### [Exercise prompt]
Repeat the lines from the line with "Душевая перегородка Radaway" to the line with "(83600) Fréjus - Piste" in the listing below, keeping both end lines and adding nothing.

### [Records for this exercise]
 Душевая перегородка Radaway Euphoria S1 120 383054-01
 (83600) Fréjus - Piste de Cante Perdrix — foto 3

==

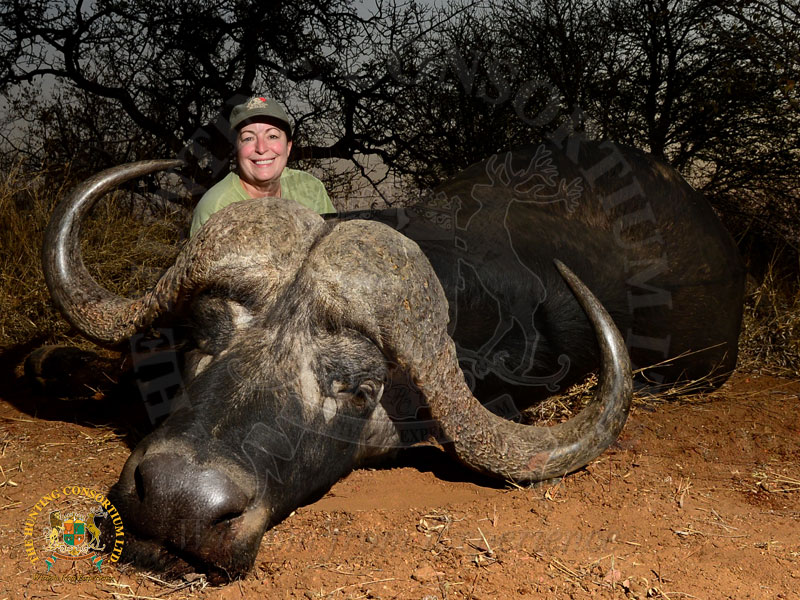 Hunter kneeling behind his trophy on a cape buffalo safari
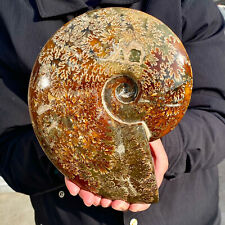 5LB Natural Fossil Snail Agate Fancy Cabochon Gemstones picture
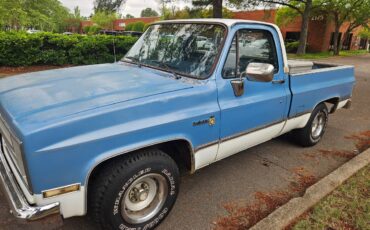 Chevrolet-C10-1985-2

### [Solution to the exercise]
 Душевая перегородка Radaway Euphoria S1 120 383054-01
 (83600) Fréjus - Piste de Cante Perdrix — foto 3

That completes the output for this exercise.